Will post some more pics when its all done!


----------



## pwincess_nicole (Apr 25, 2009)

excession said:


> I am not yet finished, but I thought I'd put some pics up
> 
> Just got the whole lot in and just testing temps. Going to use some aquarium sealent arround the base to keep it all nice and sealed and to keep any crickets out
> 
> ...


 



its brilliant what have you made they grey things out of ??/ x


----------



## excession (Apr 11, 2009)

Polystyrene stuck together with no more nails and some cocktail sticks for strength, then 4 layers of grout, 2 dark coats of paint, 1 dry brushed lighter coat to pick out the highlights, then 4 coats of PVA to seal it.


----------



## Denji (Apr 18, 2009)

10 out of 10, looks awesome. Interesting to see somebody not using sand. I nearly left mine in grout as it left a really good rock texture. How many guys will be living in there and what are you using for substrate?


----------



## excession (Apr 11, 2009)

Denji said:


> 10 out of 10, looks awesome. Interesting to see somebody not using sand. I nearly left mine in grout as it left a really good rock texture. How many guys will be living in there and what are you using for substrate?


Thanks! : victory:

Its going to be the one, a little Hypo baby (its my son's present!).

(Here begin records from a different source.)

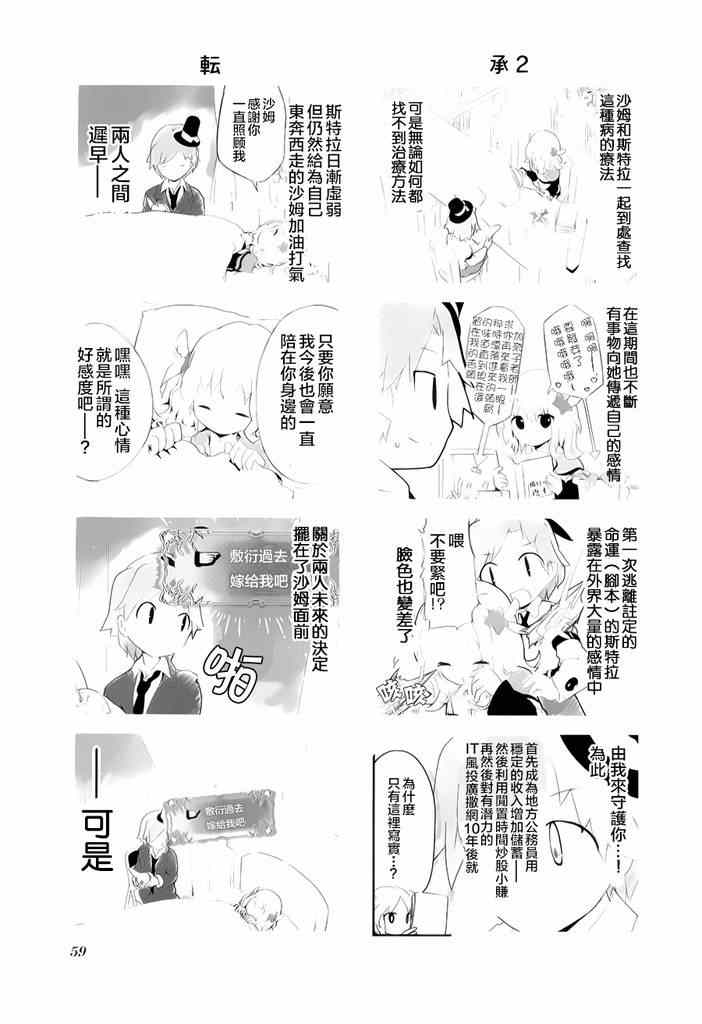 《斯特拉的魔法》漫画 07集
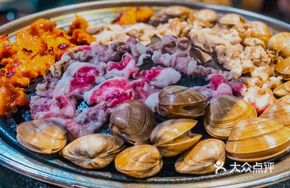 Northeastern Yellow Clam Stir-Fry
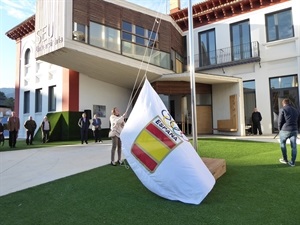 El Congreso se celebró el 9 y 10 de febrero en la Seu Universitària de La Nucía
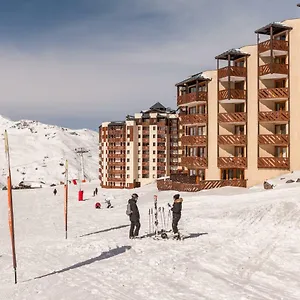 Les Temples Du Soleil Aparthotel Val Thorens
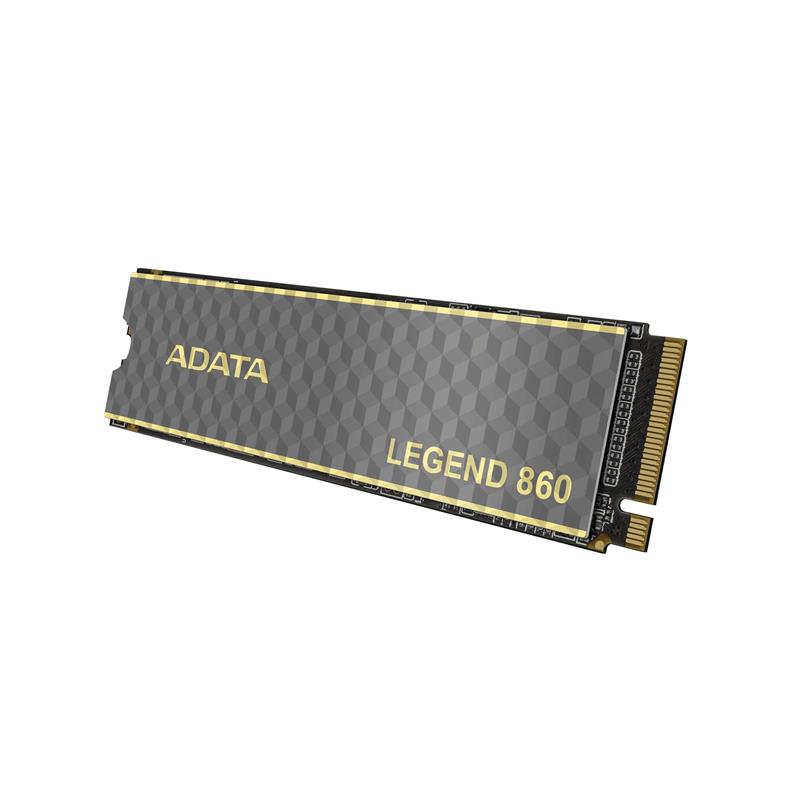 ADATA LEGEND 860 1TB PCIe Gen4 x4 M.2 2280 (SSD) - Canada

I am going to divide it up before s/he arrives (collecting on the 21st of this month).

If you look in the 1st pic u can see the tiles, they are rough textured tiles so I will be using them as the substrate. AFAIK the beardie we are picking up has been kept on slate so he should feel at right home


----------



## tiesto (May 6, 2009)

looks amazing.. one question.. doesnt pva melt under heat?


----------



## excession (Apr 11, 2009)

tiesto said:


> looks amazing.. one question.. doesnt pva melt under heat?



I really hope not!

I used it following guides from other people who have used it in their fake rock builds.

I've run the temps on the basking section up to 110 and it seems fine.

My only issue atm is the aquarium sealent I have put arround it smells - but that should go in a day or two....


----------



## CWD (Feb 11, 2007)

looking good !


----------



## excession (Apr 11, 2009)

Thanks 

I am looking forwards to doing the last few finishing touches.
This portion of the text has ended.